Since {M_X} is a projection matrix and is symmetric and idempotent, it can be written as:

\displaystyle M_X = P\Lambda P^T. \ \ \ \ \ (24)

where

\displaystyle P P^T = I_T. \ \ \ \ \ (25)

and {\Lambda} is a diagonal matrix with eigenvalues of {M_X} on the diagonal.

Since,

\displaystyle M_XX = 0. \ \ \ \ \ (26)

that is, since the two spaces that they represent are orthogonal to each other, it follows that:

\displaystyle M_Xv = 0. \ \ \ \ \ (27)

whenever v is a column of X. Since we assume X to be of full rank, there are k such vectors and their eigenvalue is the right hand side, which is 0.

Also since

\displaystyle M_X = I_T - X(X^TX)^{-1}X^T. \ \ \ \ \ (28)

Thus, it follows that

\displaystyle M_Xv = v. \ \ \ \ \ (29)

whenever v is orthogonal to X. Since there are (T – k) such vectors, {M_X} has (T – k) eigenvectors with eigenvalue 1.

Thus {\Lambda} has k zeroes and (T – k) 1s on the diagonal.

\displaystyle u^TM_Xu = u^TP\Lambda P^Tu. \ \ \ \ \ (30)

Let

\displaystyle w = P^Tu \ \ \ \ \ (31)

Then,

\displaystyle u^TM_Xu = u^TP\Lambda P^Tu = w^T\Lambda w = w_1^2 \lambda_1 + w_2^2 \lambda_2 + \dots + w_T^2 \lambda_T. \ \ \ \ \ (32)

\displaystyle u^TM_Xu = w_1^2 \lambda_1 + w_2^2 \lambda_2 + \dots + w_{T - k}^2 \lambda_{T - k}. \ \ \ \ \ (33)

As these {\lambda}s are all unity, we have:

\displaystyle u^TM_Xu = w_1^2 + w_2^2 + \dots + w_{T - k}^2 . \ \ \ \ \ (34)

Also,

\displaystyle \mathop{\mathbb E}(w^Tw) = \mathop{\mathbb E}(P^Tu u^T P) = \sigma^2I_T. \ \ \ \ \ (35)

Thus, elements of w are uncorrelated with each other, have mean 0 and variance {\sigma^2}.

Since each w has expectation of {\sigma^2},

\displaystyle \mathop{\mathbb E}(u^TM_Xu) = (T - k)\sigma^2. \ \ \ \ \ (36)

Hence,

\displaystyle \mathop{\mathbb E}(s^2) = \sigma^2. \ \ \ \ \ (37)

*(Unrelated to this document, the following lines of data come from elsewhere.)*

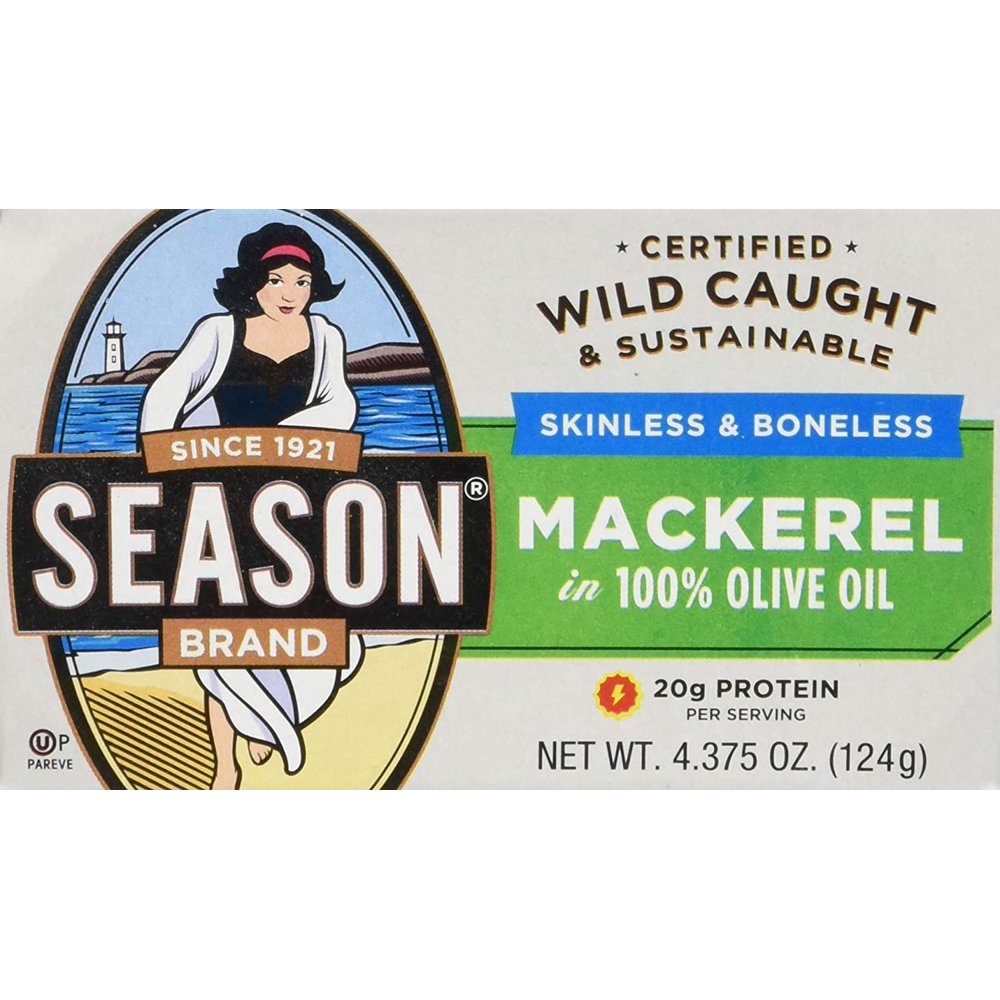 Season Fillets of Mackerel in Olive Oil, 4.375Ounce Tins (Pack of 12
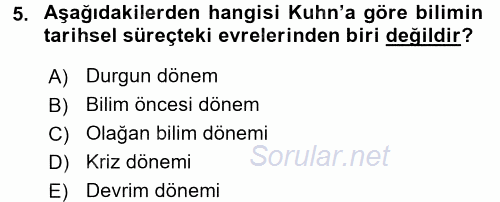 Felsefe 2017 - 2018 Dönem Sonu Sınavı 5.Soru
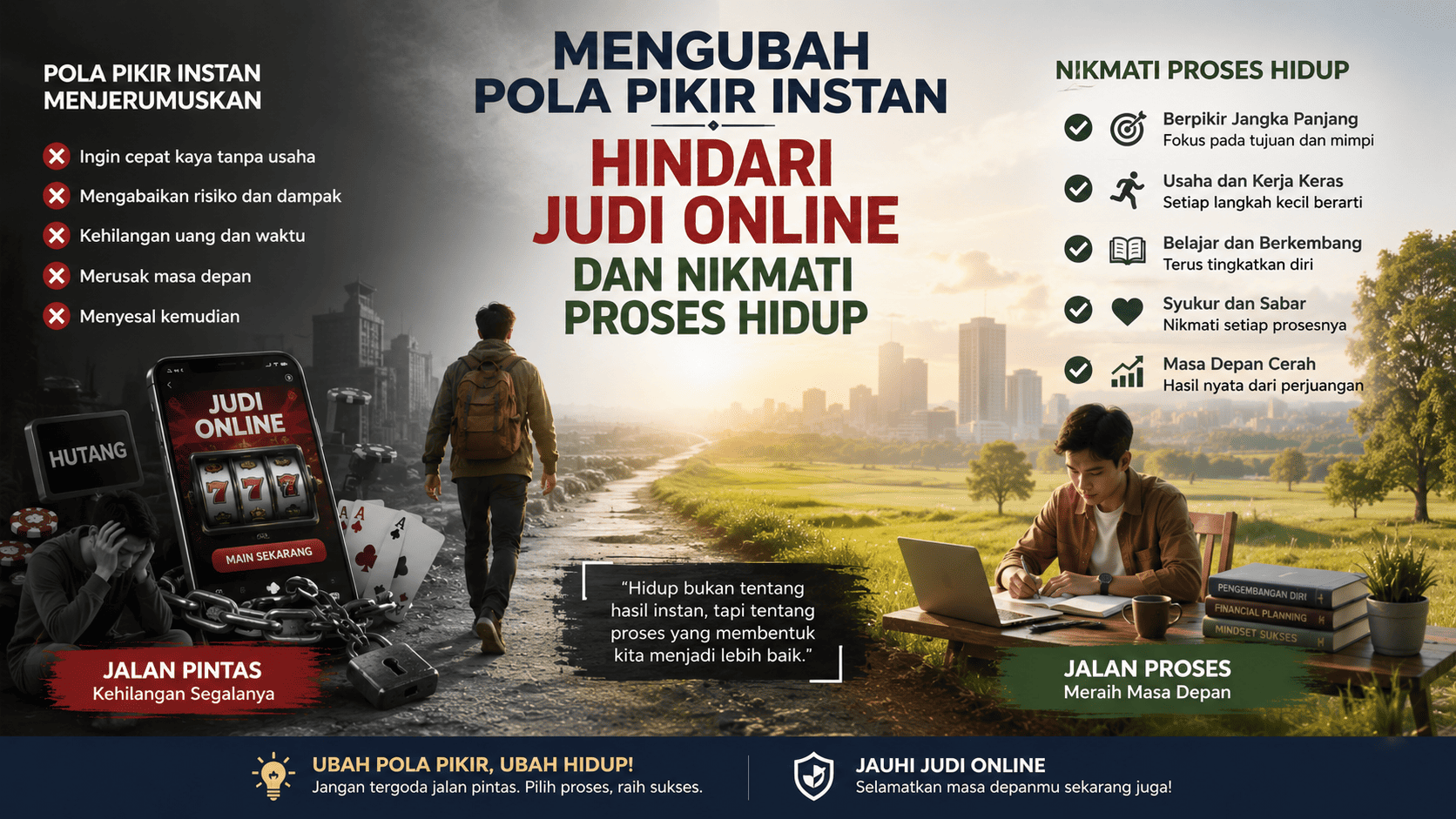 Mengubah Pola Pikir Instan, Hindari Judi Online dan Nikmati Proses Hidup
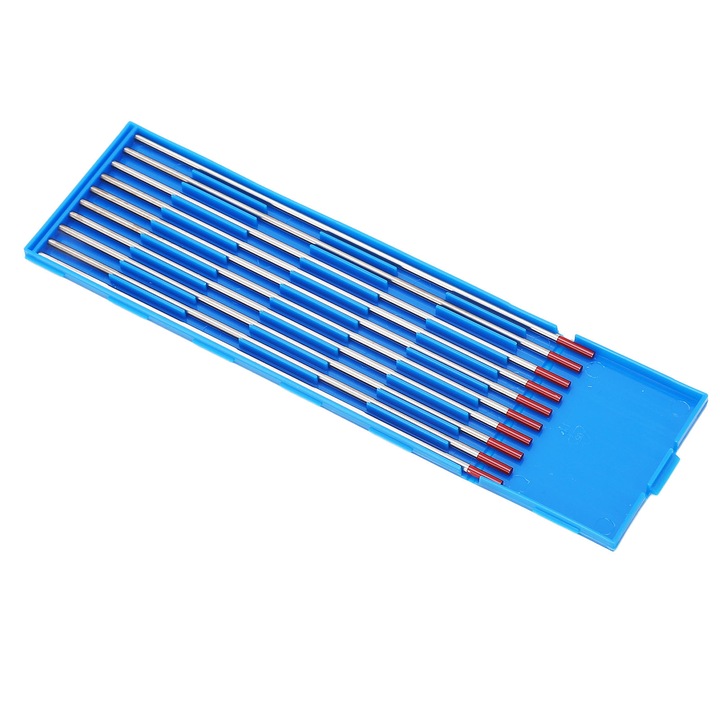 Set 10 Electrozi Tungsten pentru Sudura, Varf Rosu, 1.6x150mm, cu Cutie de Depozitare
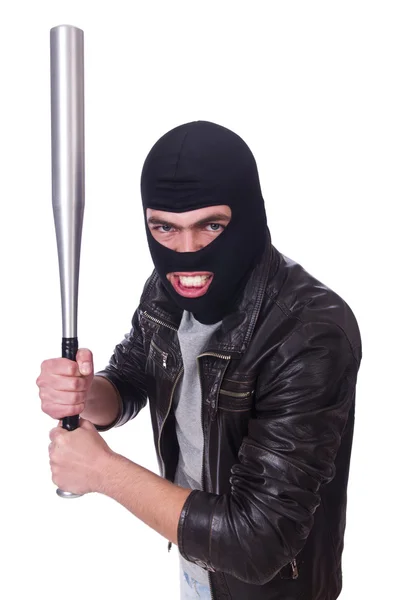 Male hooligan with bat on white — Stock Photo, Image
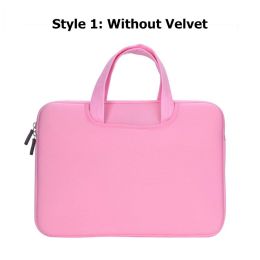 Laptop Bag Women 11 12 14 15 15.6 Inch Handbags Computer Notebook Sleeve Cover For Xiaomi Hp Lenovo MacBook Air Pro 13 Case (Color: Pink no Velvet, size: 15.6 inch)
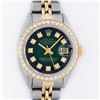 Image 1 : Rolex Ladies 2 Tone Yellow Gold Green Vignette VS Diamond Datejust Wristwatch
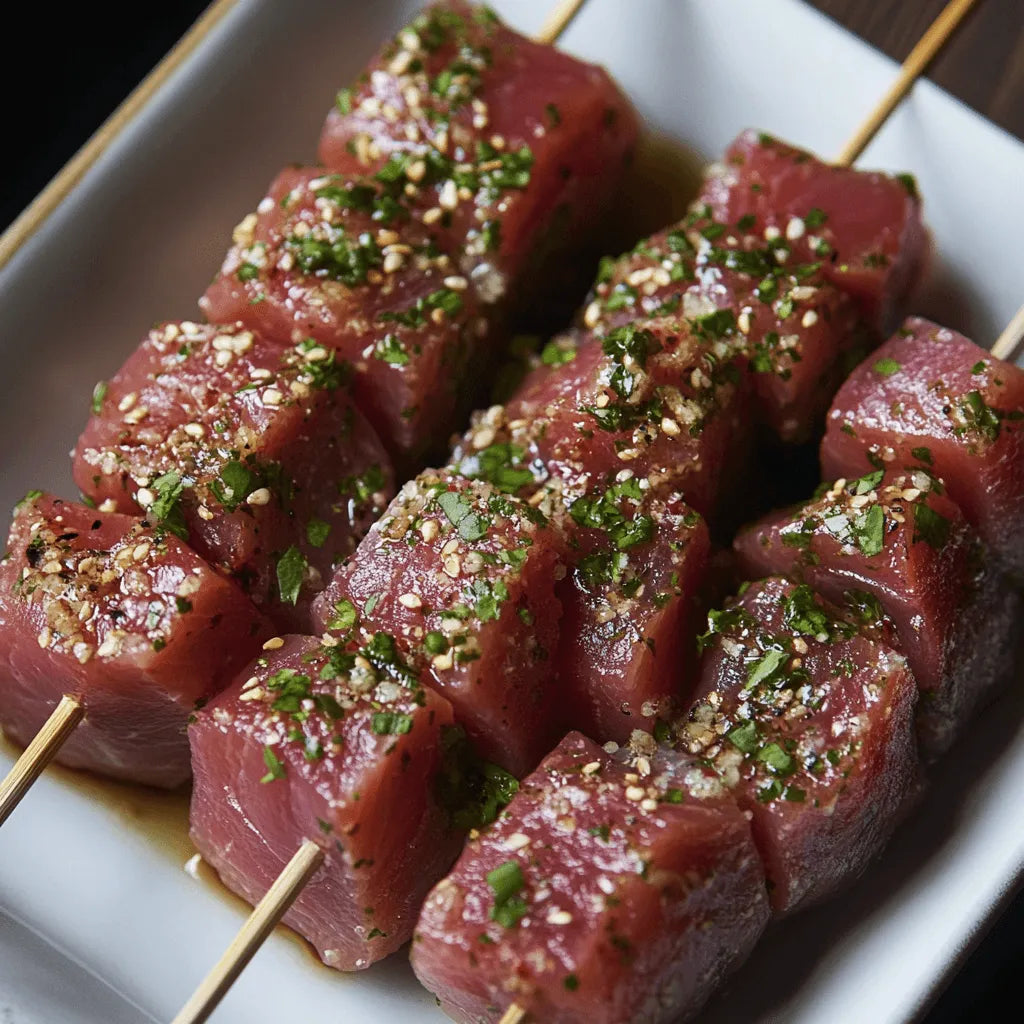 Tuna Skewer Kebab Marinated Sweet Chili Sauce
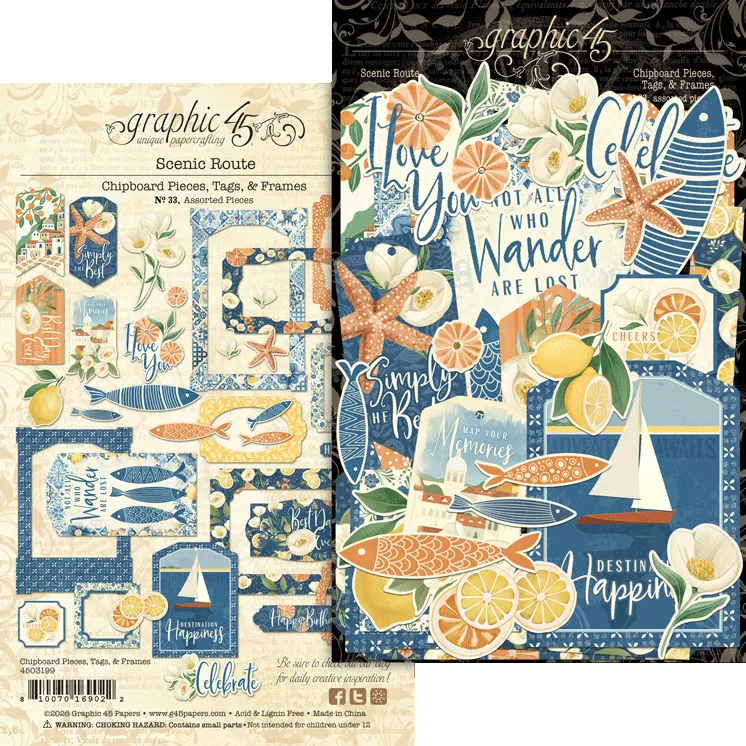 graphic-45-scenic-route-chipboard-stanzteile-tags-frames image 1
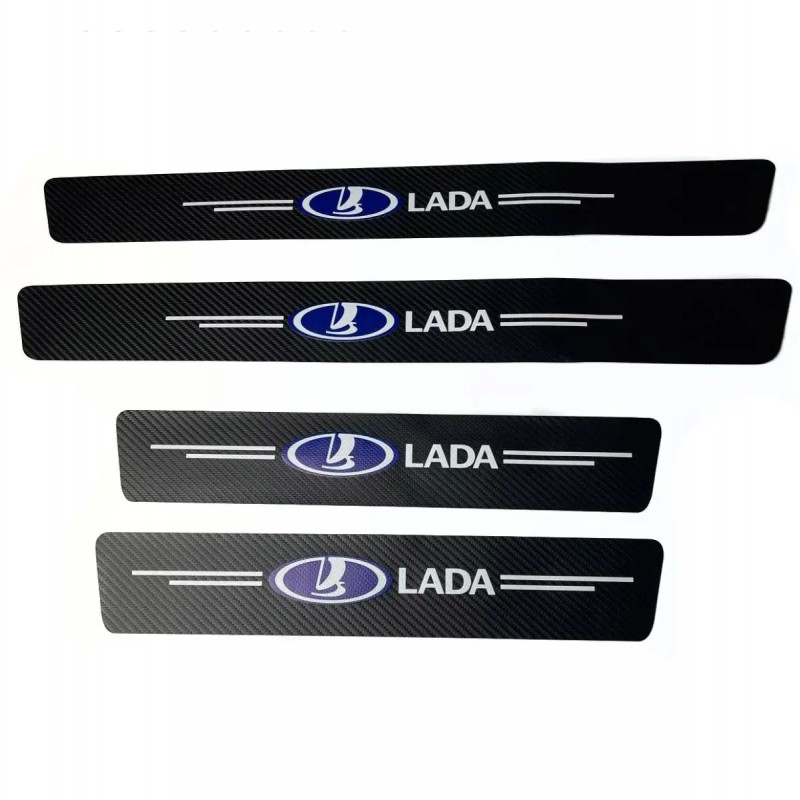 Накладка на пороги Lada carbon (к-т 4шт)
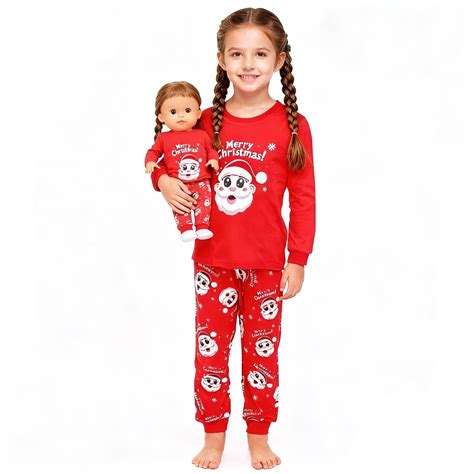 Girls Christmas Pajamas Kids Long Sleeve Pajamas Winter Nightwear ...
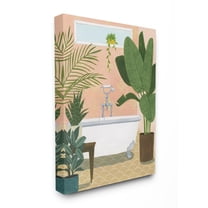 The Stupell Home Decor Peach Walls Bathtub Oasis Scene with Palm Plants Canvas Wall Art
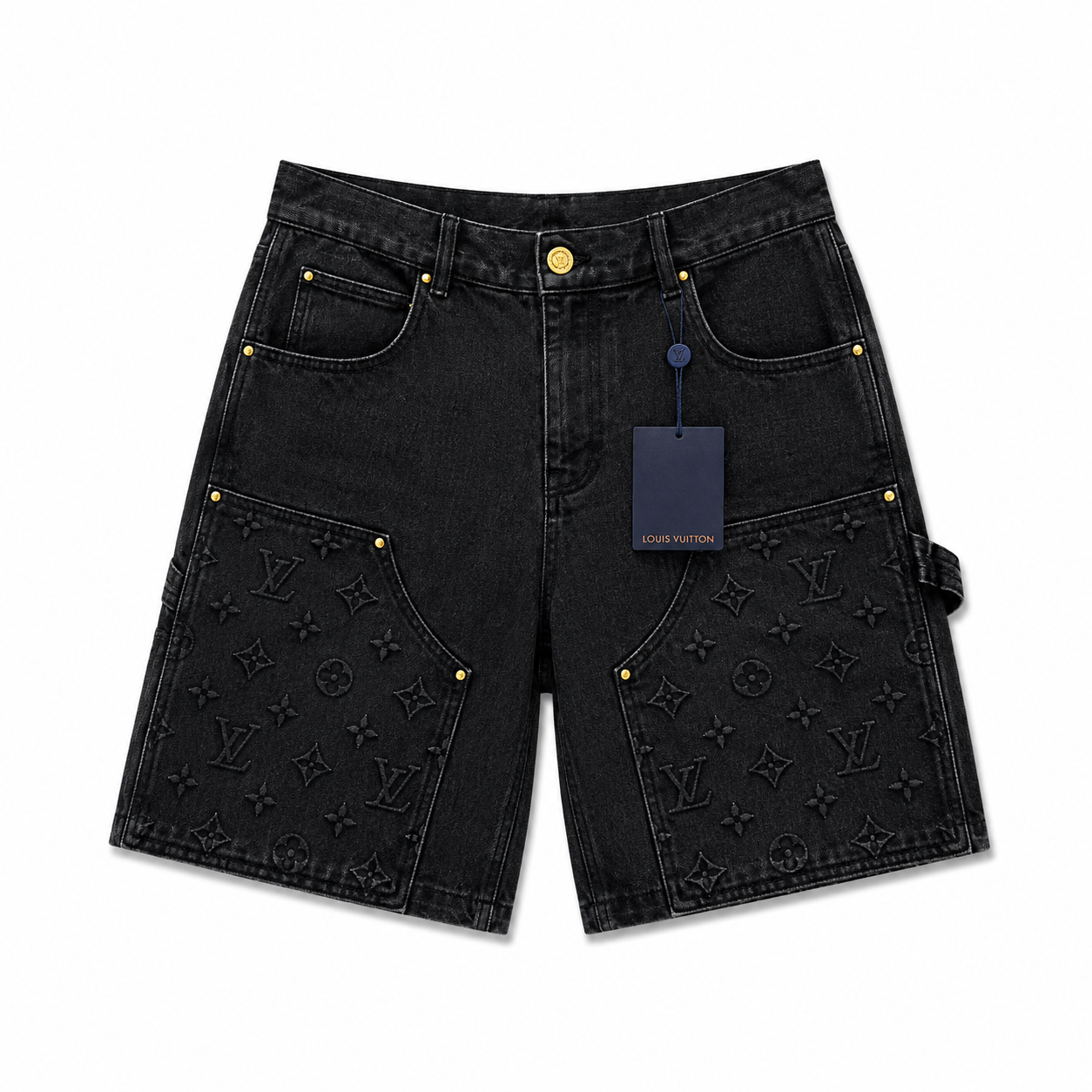 EMBOSSED MONOGRAM DENIM SHORTS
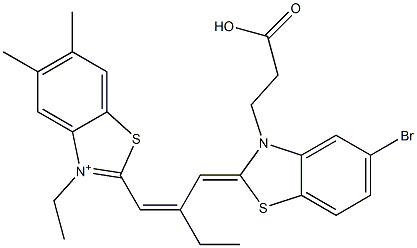 2-[2-[[5-Bromo-3-(2-carboxyethyl)benzothiazol-2(3H)-ylidene]methyl]-1-butenyl]-3-ethyl-5,6-dimethylbenzothiazol-3-ium 구조식 이미지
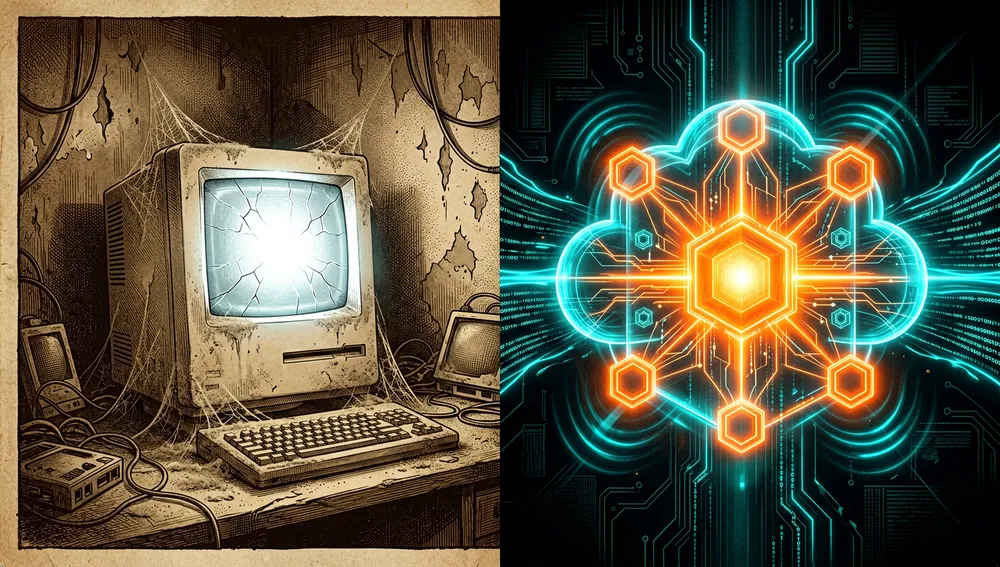Conceptual split-screen visual: on the left side, a physical Mac mini computer covered in dust and cobwebs in a dark room; on the right side, a glowing, ethereal Cloudflare Worker server icon radiating neon orange light, replacing the hardware.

2.4. Distribution of Estimated Sample Variance Under Above Assumptions

Since

\displaystyle w = P^Tu \ \ \ \ \ (38)

when u is Gaussian, w is also Gaussian.

Then,

\displaystyle u^TM_Xu = w_1^2 \lambda_1 + w_2^2 \lambda_2 + \dots + w_{T - k}^2 \lambda_{T - k}. \ \ \ \ \ (39)

implies that {u^TM_Xu} is the sum of squares of (T – k) independent {N(0, \sigma^2)} random variables.

Thus,

\displaystyle RSS^2 / \sigma^2 = u^TM_Xu / \sigma^2 \sim \chi^2 ( T - k). \ \ \ \ \ (40)

Also, b and {\hat u} are uncorrelated, since,

\displaystyle \mathop{\mathbb E}[\hat u(b - \beta)^T] = \mathop{\mathbb E}[M_Xu u^T X (X^TX)^{-1} = 0. \ \ \ \ \ (41)

Since b and {\hat u} are independent, b and {s^2} are also independent.

2.5. t Tests about {\beta} Under Above Assumptions

We wish to test the hypothesis that the ith element of {\beta}, {\beta_i}, is some particular value {\beta_i^0}.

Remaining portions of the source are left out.